Allora ero da poco uscito dalla facoltà di legge, avevo ventinove anni – so che normalmente uno studente diligente, come ci si aspetta che uno studente di giurisprudenza sia, si sarebbe dovuto laureare ben prima, me ne scuso, e forse un giorno vi racconterò i motivi di tal ritardo – la testa piena di sogni e le tasche vuote di soldi. Volevo cambiare il mondo e non sapevo ancora che ben presto il mondo avrebbe invece cambiato me, e così, decisi di iniziare il mio cursus honorum in uno studio legale della mia città di origine che ad oggi – dati aggiornati alla mano – non conta di più di ventimila anime. Lo so, so cosa vi starete chiedendo. Come sarà possibile che una persona come me, che come sapete oggi gode di buona fama proprio per la sua carriera giurisprudenziale, per essere stato il pubblico ministero che ha risolto con tanta fulgidezza il caso Morroni, vi starete chiedendo come sia stato possibile che abbia iniziato la sua vita professionale in una topaia come il mio paese; e dico ciò sperando che nessuno si scandalizzi se oso attribuire tale nome al paese che mi ha dato natali. Ma si sa, al giorno d'oggi lo sputo nel piatto dal quale ci si è cibati par essere divenuto disciplina nazionale e penso che uno sputo in più o uno in meno non farà di tanto la differenza.

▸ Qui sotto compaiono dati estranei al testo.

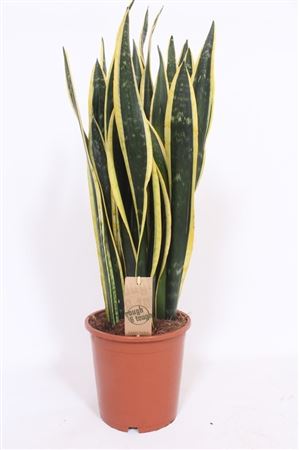Sansevieria Black Gold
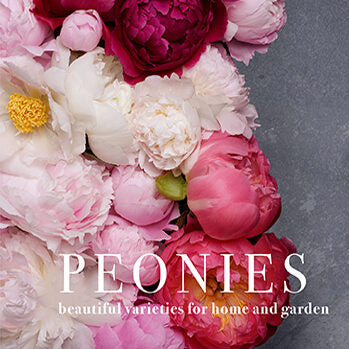 Peonies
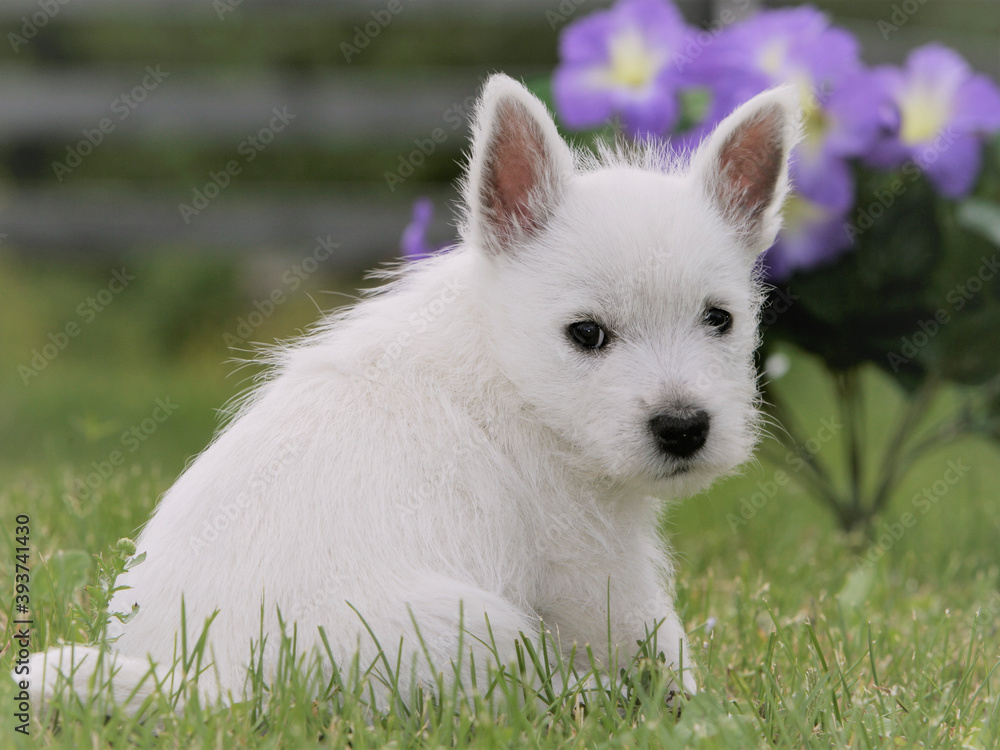 Cute White Terrier puppy sitting in grass looking, 
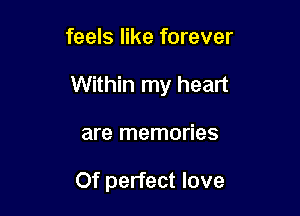 feels like forever

Within my heart

are memories

Of perfect love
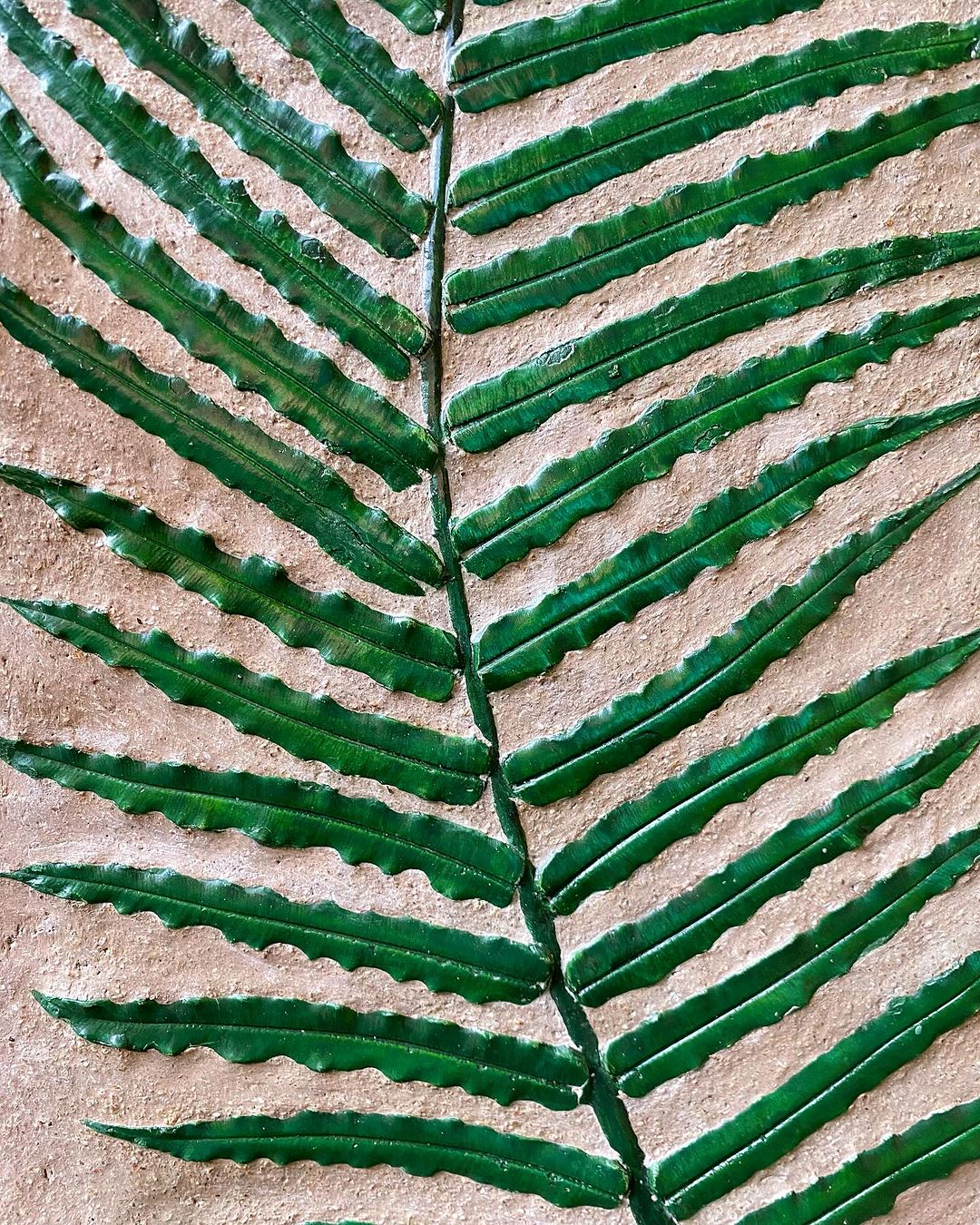 Fossilized Fern Wall Hang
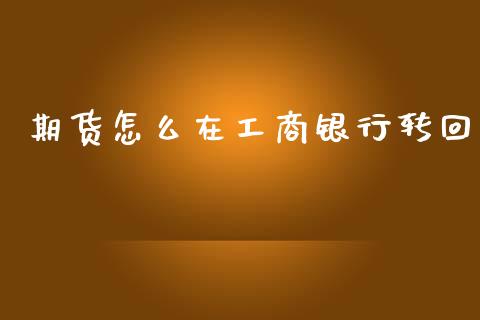 期货怎么在工商银行转回_https://wap.yjjixie.cn_商业资讯_第1张
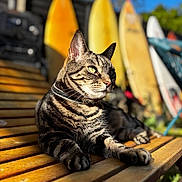 Boz joined the competition — help win amazing prizes! cat, tabby, bench, wood, outdoor, sunlight, surfboard, animal, pet, relaxed, greenery, summer, daylight, nature, feline, striped, closeup, sitting, portrait, resting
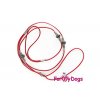 Výstavní vodítko pro psy ForMyDogs RED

A proposito di ciò, per attenuare l'astio che molti di voi cominceranno a provare nei miei confronti, vi racconterò un aneddoto riguardante proprio quanto da me sopra detto. Due anni fa, ritornato in paese per delle pratiche riguardanti la cessione di una casa, dopo la scomparsa di mia madre e prima che mio padre si stabilisse stabilmente da noi, incontrai un mio amico di infanzia per le vie del suddetto paese – il quale giuro e garantisco di non aver visto per almeno dieci anni. Scambiammo un paio di battute, lui mi porse le sue condoglianze per mia madre, io mi congratulai con lui per la nascita della sua terza bambina. Fu proprio nell'atto di congedarci che lui, ridendo, mi disse quanto segue: - Almeno tu ci sei riuscito, hai fatto proprio bene a scappare da questa topaia – e da lì non lo vidi più. Fui solo catturato, da lì a poco, forse sei o sette mesi, dalla notizia che Isabella, sua madre, che tra di noi era famosa per le sue crostate di ciliegie che ci scodellava quando eravamo solo dei lattanti, era passata a miglior vita.

Rimasi alcuni giorni con le dita ferme sulla tastiera del telefono, pronte a digitare il suo numero, ma alla fine non lo chiamai, forse le nebbie degli anni avevano depositato sulla mia coscienza una certa dose di indifferenza per coloro che distassero di pochi centimetri anche dalla mia zona di influenza e siccome non ricordo che lui sia mai stato tra quelli che mi abbia chiamato per congratularsi per il mio ingresso in magistratura – e ve lo assicuro, furono davvero tanti – preferii soprassedere. Per tutti coloro che sperano che questo sia l'inizio di una confessione nella quale il sottoscritto Andrea Bonomo, pubblico ministero, cominci a lasciarsi cadere dalle tasche confidenze sulla propria carriera o sul caso Morroni – essendo che la vista di due gemelle morte, con la giugulare recisa in una vasca da bagno, fu ciò che tenne il nostro paese con il fiato sospeso per almeno cinque anni, e sarebbe comprensibile se tale trepidante attesa venisse sfogata su queste pagine – dovrò dire qui di seguito, che tutto ciò non avverrà. Colgo quindi l'occasione di scusarmi con coloro che ingenuamente hanno comprato questo libro solo a tal proposito, invitando i signori a rivolgersi al mio editore il quale, pur odiandomi per questo, non potrà far altro che ascoltare le vostre richieste.